Ruby 1.9 made me remember how I hate the concept of encodings
Update: You can follow the discussion on Hacker news
I guess I won’t make a lot of friends by saying this but my first impression with Ruby 1.9 was awful. Since we had to configure a new server, we thought it was the perfect occasion to install ruby 1.9 and see how our current web applications behave. I can’t comment on any new features about 1.9 because we got bored after a while and decided to switch back to 1.8.
There is one huge problem with 1.9 and it is how it manages encodings. Sure every ruby fanatics will tell you that it is “cleaner”, “more robust”, “safer”, “clever” or whatever… but it breaks working applications! So in my book this is a problem. I know it is just normal to refactor some aspects of your code when a new version of a programming language comes out but… this? All this pain for what, encodings? What’s the benefit already? No seriously tell me because I wake up every morning having to remember what they are, what purpose they serve and why application developers still have to worry about them after all those years. What I know however is that with 1.8 you could mix different encodings in the same string instance and the worst that could happen was some weird looking characters in the resulting web page. But ruby 1.9 makes things different, it throws an exception in your face. Here is a great article that explains what is happening with string encodings in 1.9. Beware though, although this article is saying that there is a solution, it is an hypothetical solution. Here is the excerpt :
Even better, Ruby already has a mechanism that is mostly designed for this purpose. In Ruby 1.9, setting Encoding.default_internal tells Ruby to encode all Strings crossing the barrier via its IO system into that preferred encoding. All we’d need, then, is for maintainers of database drivers to honor this convention as well.
So, unless I’m just not getting something (which is highly possible because encodings always confuse the heck out of me), there is no real solution other than to wait for database driver developers to honor the Encoding.default_internal setting of ruby 1.9.

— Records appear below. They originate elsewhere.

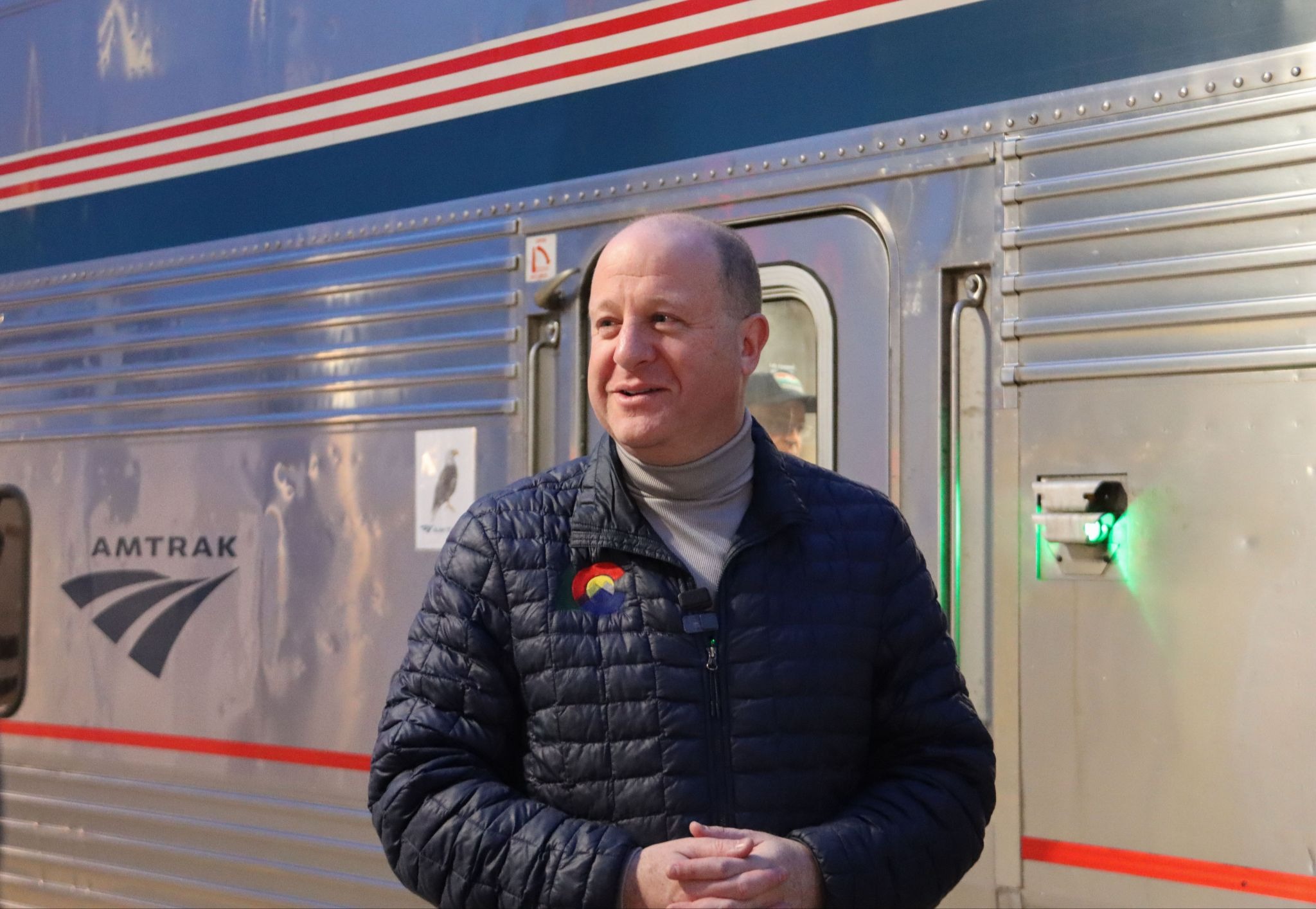 Governor Polis Smiles on Platform for Winter Park Express Train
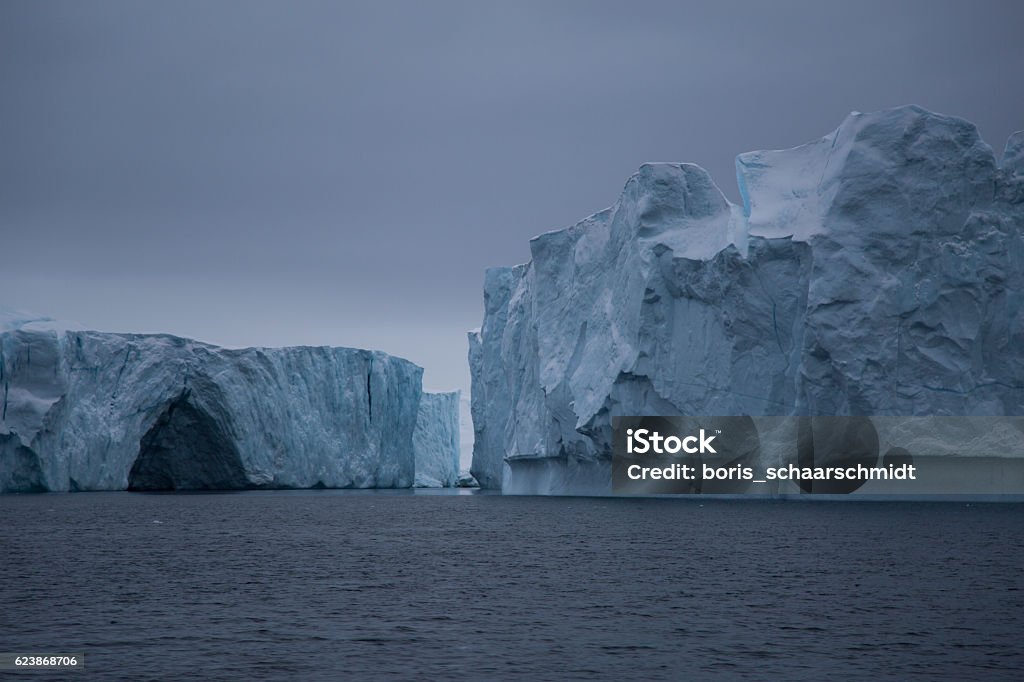 Two large icebergs with small cave Ilulissat Icefjord in Greenland Cave Stock Photo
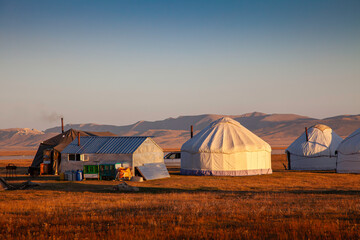 sunset at the yurt camp at Son Kul, Kyrgyzstan - 648536634
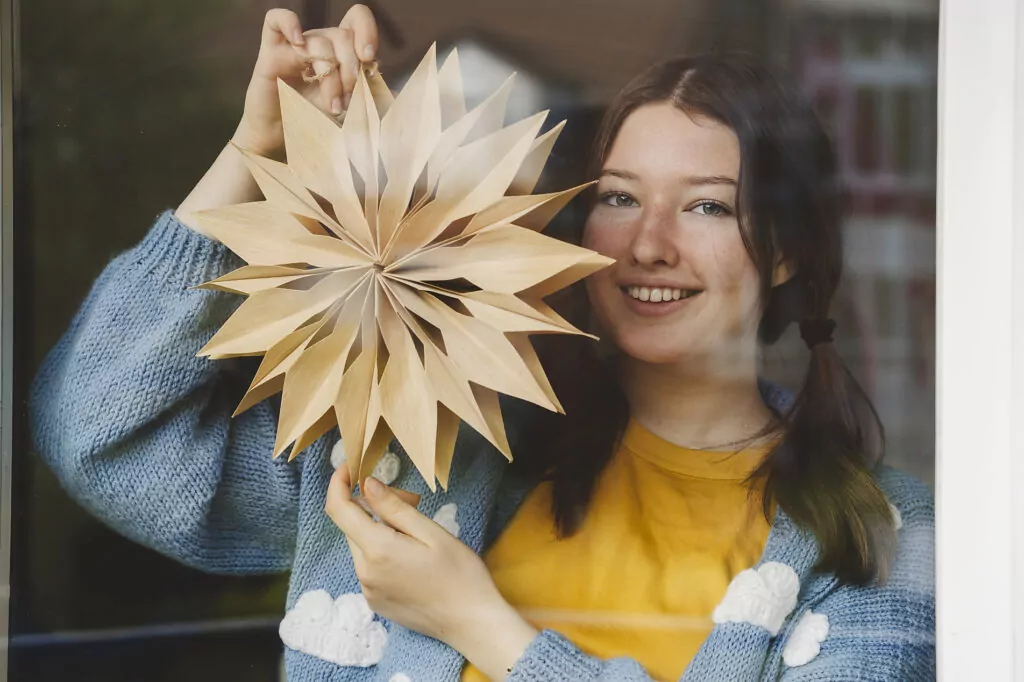 Smiling girl holding star shaped Christmas decoration seen through glass
Royalty free image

A small rant about encodings
I dream of a world without war or hunger and where I don’t have to care about character encodings when I’m programming! Why on earth do we have all those different encodings in 2010? Why not making a huge encoding table UTF-16384 containing every single character in the universe so we can forget about this crazy concept of different encodings and pretend that it never existed? Would a big fat and unique encoding table cause huge performance issues everywhere? I might be mistaken but I really doubt it would.